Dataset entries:
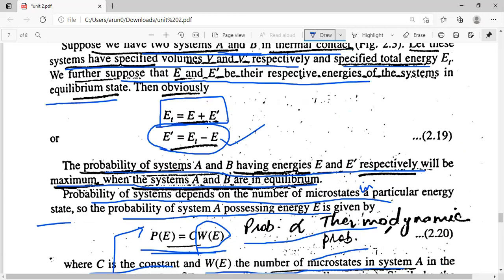According to the basic principle of statistical mechanics, for two systems to be in equilibrium, composite probability should be maximum. To find the maximum condition, we take the logarithm of both sides of the equation, giving: log P = log C + log C' + log W(E) + log W'(E').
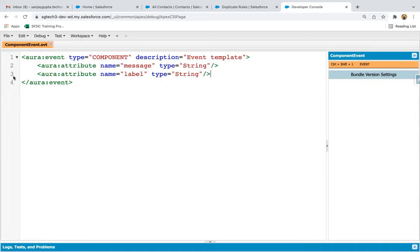This component event file has two attributes: the first one is 'message' and the second one is 'label'. What will happen is the child component will fire an event. On firing that event from the child component, values will be available in these message and label attributes, and the parent component will handle that component event. The parent component can then access these attribute values and process them.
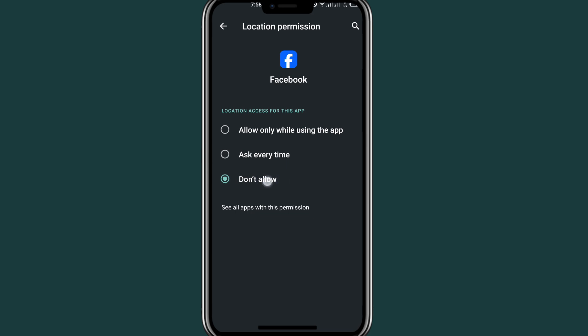As you can see, if you want Facebook to access your location, change this section to the first option: 'Allow only while using'. If you choose this first option, Facebook will access your location and give you all the content on Facebook related to your location.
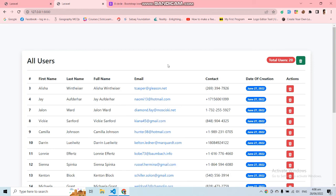We have successfully implemented the trash functionality into this application. I hope this video will help you add trash functionality into your application. If you have any problems or questions, you can mention them in the comment box and I will try my best to solve your queries. I will also upload this application code to my GitHub account and share the link in the description so you can easily get the application and test it out.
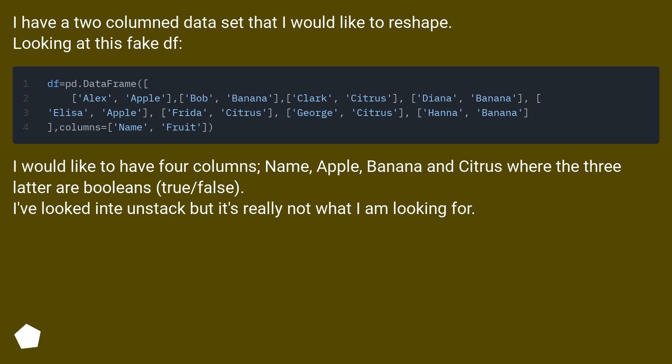I would like to have four columns: Name, Apple, Banana, and Citrus, where the three latter are booleans (true/false). I've looked into unstack but it's really not what I am looking for.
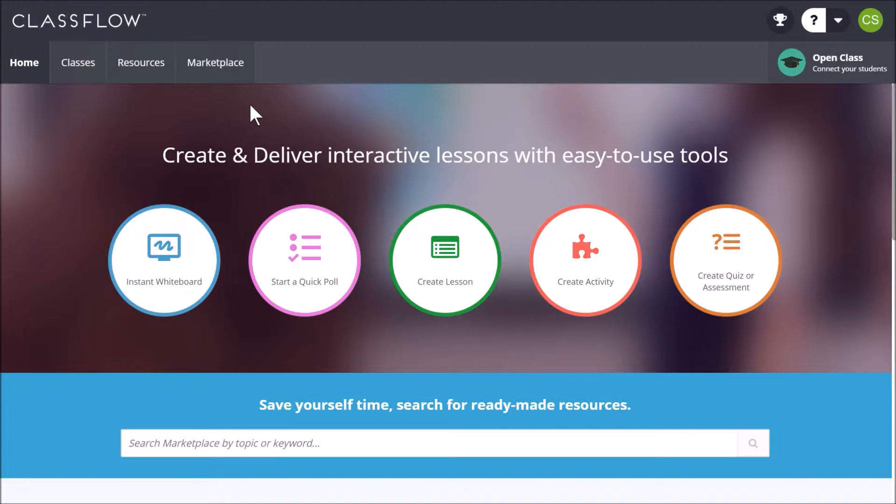Classflow is another Promethean software and is free to use. You may visit classflow.com to create your free account. The Classflow Marketplace is home to millions of free and paid resources including ActiveInspire flipcharts.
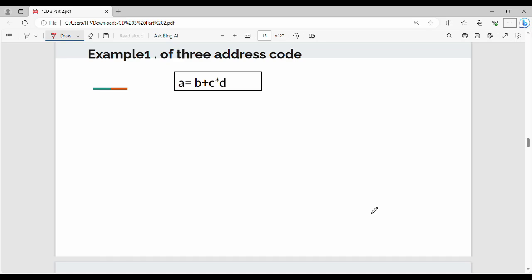Hi friends, welcome back. In this video we will talk about three address code. First, we will discuss BODMAS rule. In BODMAS, we look at high priority operators first: multiplication and division, then addition and subtraction. So operator precedence determines the order of operations.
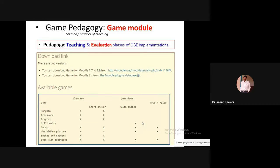Crossword is one option. There's also the Millionaire game — just like KBC where Amitabh Bachchan asks questions with lifeline options like calling a friend or audience participation. Similarly, in Moodle's Millionaire game, you set different question levels. Students answer questions and move to the next level if correct, and they can interact with peers as a lifeline. It's really interesting.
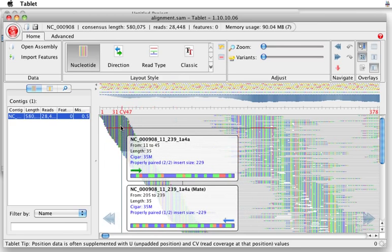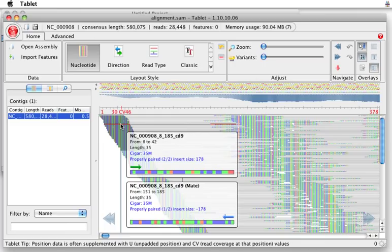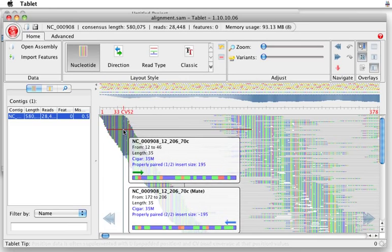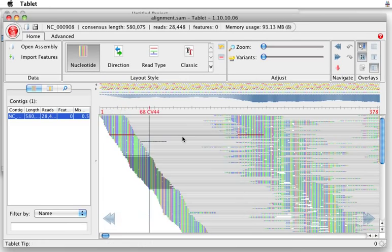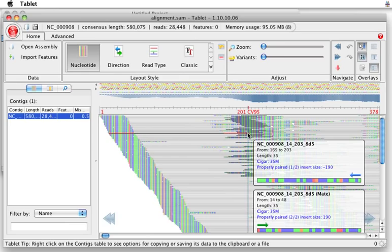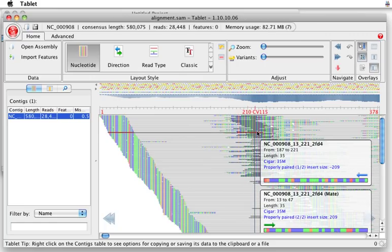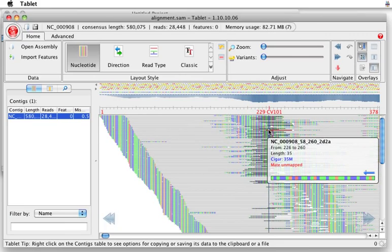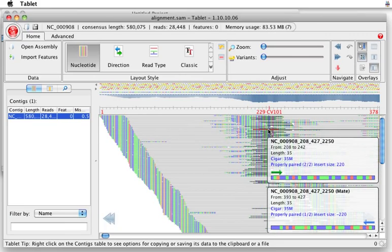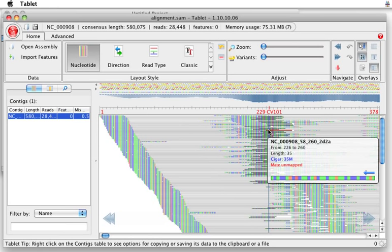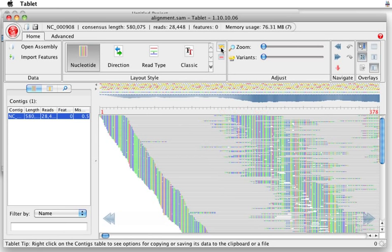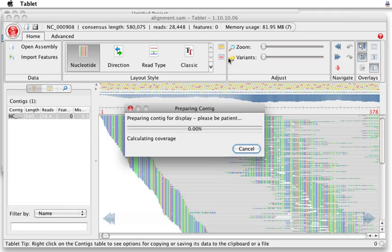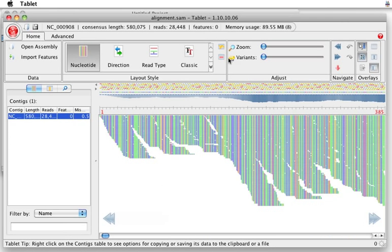And I can even do packed view with my paired ends lined up. So you can see the red line where the sequence finds its mated pair, either to the left, or in this case, to the right. In this case, here's one where the mate was not even mapped. Can I go back to the packed view for a moment? Tablet was developed in David Marshall's group at the Scottish Crop Research Institute, particularly Ian Milney and some collaborators there.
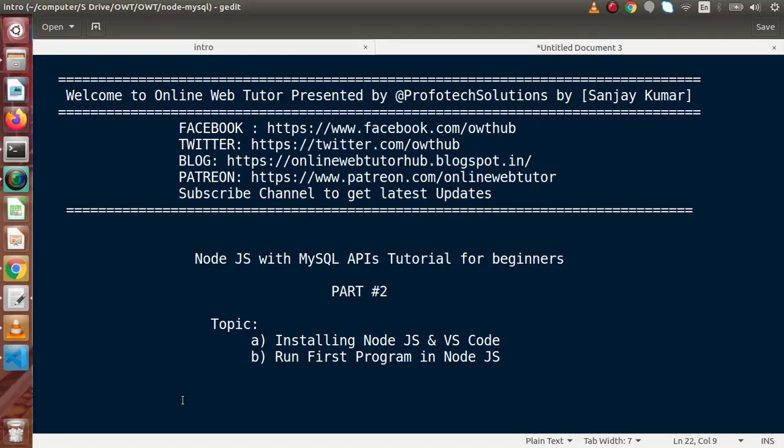Hello guys, welcome to Online Web Tutor presented by Profotech Solutions team. I am Sanjay.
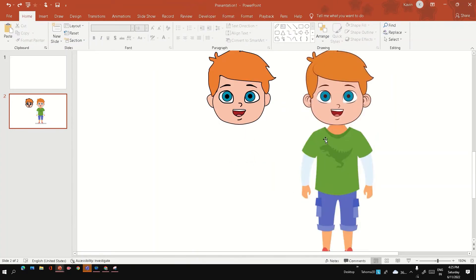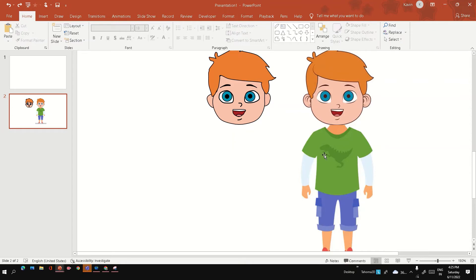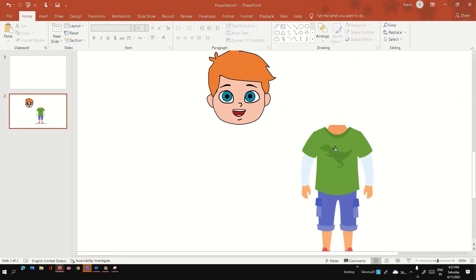Now the face is ready. Let's see how it looks if we fit the body into this face. Yeah, it looks fine.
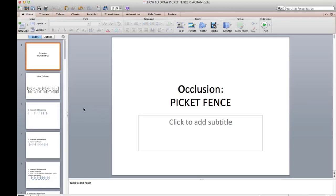That's it for the picket fence. If you have any questions, leave them in the comments. Make sure you like the video, comment below, and subscribe to the channel. Thanks for watching, everybody. Good luck studying.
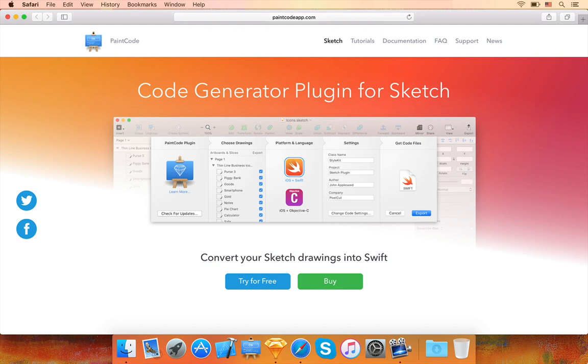In this tutorial, I will show you how to use the PaintCode plugin for Sketch. With this plugin, you can turn your Sketch drawings into Swift or Objective-C code.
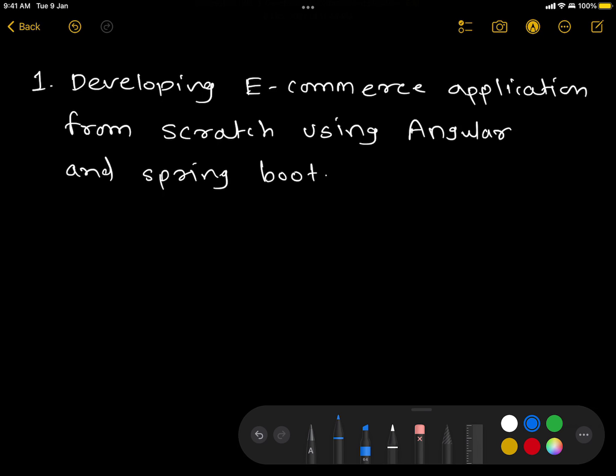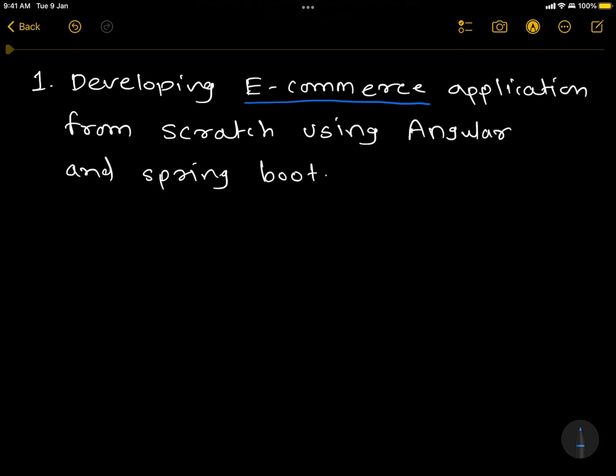Hello guys, welcome to the very first session of developing an e-commerce application from scratch using Angular and Spring Boot. Throughout this series, we are going to learn how we can develop any application such as an e-commerce application using technologies like Angular and Spring Boot.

* **The problem**
When you reach the line with "Hi friends, welcome" in the records above, begin repeating the lines exactly, and stop after the line with "Crossword is one". Skip all pictures.

* **Answer section**
Hi friends, welcome back. In this video we will talk about three address code. First, we will discuss BODMAS rule. In BODMAS, we look at high priority operators first: multiplication and division, then addition and subtraction. So operator precedence determines the order of operations.
Crossword is one option. There's also the Millionaire game — just like KBC where Amitabh Bachchan asks questions with lifeline options like calling a friend or audience participation. Similarly, in Moodle's Millionaire game, you set different question levels. Students answer questions and move to the next level if correct, and they can interact with peers as a lifeline. It's really interesting.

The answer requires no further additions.